**TASK BRIEF**
Leave out every picture and set down, exactly, the lines below from the one holding "Shree Om College" up to and including the one holding "Camila ventura online".

**SOURCE MATERIAL**
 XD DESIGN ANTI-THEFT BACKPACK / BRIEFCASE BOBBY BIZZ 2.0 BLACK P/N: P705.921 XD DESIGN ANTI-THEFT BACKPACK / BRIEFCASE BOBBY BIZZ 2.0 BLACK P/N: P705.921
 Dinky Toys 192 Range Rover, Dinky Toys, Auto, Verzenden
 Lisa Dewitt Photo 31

==

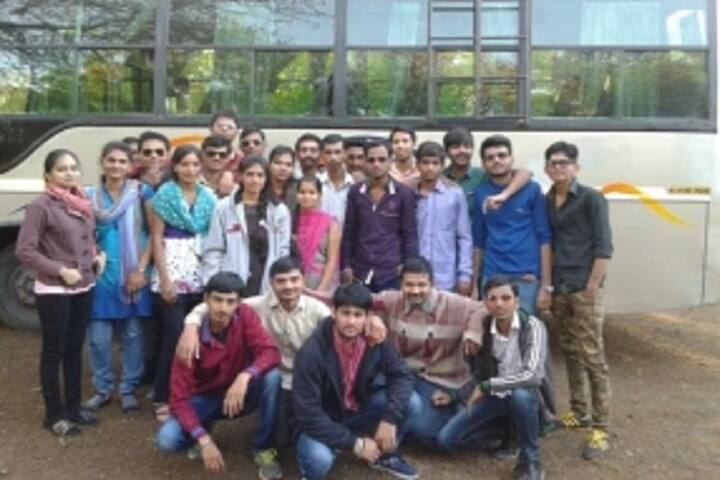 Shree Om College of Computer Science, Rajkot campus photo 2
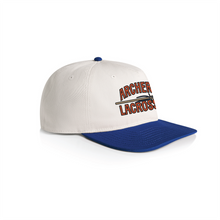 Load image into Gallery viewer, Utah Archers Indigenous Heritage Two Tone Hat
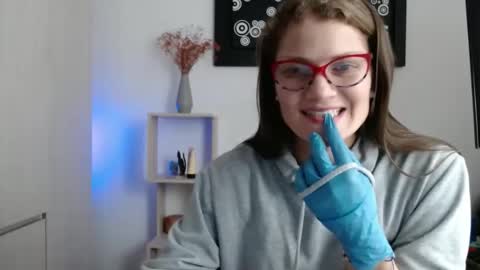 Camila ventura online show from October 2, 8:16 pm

==

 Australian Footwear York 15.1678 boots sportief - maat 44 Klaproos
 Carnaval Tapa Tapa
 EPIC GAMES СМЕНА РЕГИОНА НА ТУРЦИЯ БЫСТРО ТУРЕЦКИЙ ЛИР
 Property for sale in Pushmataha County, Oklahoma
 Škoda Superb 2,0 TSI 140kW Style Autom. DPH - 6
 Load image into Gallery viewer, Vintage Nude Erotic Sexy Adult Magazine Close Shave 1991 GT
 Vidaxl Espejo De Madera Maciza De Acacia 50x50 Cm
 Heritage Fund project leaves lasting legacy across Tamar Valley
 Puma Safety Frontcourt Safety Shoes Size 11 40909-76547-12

**TASK OUTPUT**
 Shree Om College of Computer Science, Rajkot campus photo 2
 Load image into Gallery viewer, Utah Archers Indigenous Heritage Two Tone Hat
 Camila ventura online show from October 2, 8:16 pm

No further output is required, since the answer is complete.